Praktijken en teams worden steeds groter en patiënten worden meer en meer door verschillende zorgverleners gezien. De samenwerking binnen het team wordt van steeds groter belang. Mede omdat een slechte samenwerking leidt tot ontevreden personeel, wat weer een negatieve invloed heeft op de houding van de individuele medewerker. En daarmee dus een negatief effect heeft op de patiënttevredenheid.

Het model van teamwork

Patrick Lencioni beschrijft in zijn boek ‘De 5 frustraties van teamwork’ een helder model, waarmee het ogenschijnlijk ongrijpbare van teamwork wordt verhelderd.

De kracht van goed samenwerken

Klik hier voor een grote afbeelding

Vervolgens ga ik in op de twee onderste lagen van het model. En wel omdat de lagen onderaan de basis vormen voor het bouwen van een team. Indien de lagen van ‘vertrouwen’ en ‘conflicten’ tot frustraties leiden resulteert dit in het volgende.

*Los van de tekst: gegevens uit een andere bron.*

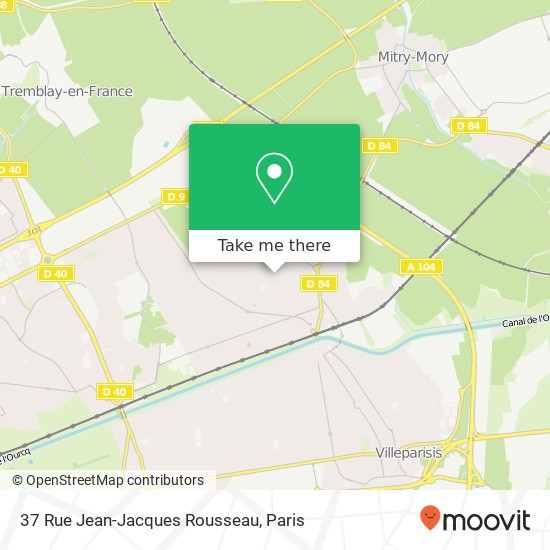 Mapa 37 Rue Jean-Jacques Rousseau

Kenmerkend voor teams waarin het vertrouwen ontbreekt is als:

  • Medewerkers zwakheden en fouten voor elkaar verbergen.
  • Medewerkers aarzelen bij het vragen om hulp of het geven van opbouwende feedback.
  • Medewerkers aarzelen hulp aan te bieden buiten het terrein waarvoor ze verantwoordelijk zijn.
  • Medewerkers er niet in slagen vaardigheden en ervaringen bij anderen te herkennen en daarvan gebruik te maken.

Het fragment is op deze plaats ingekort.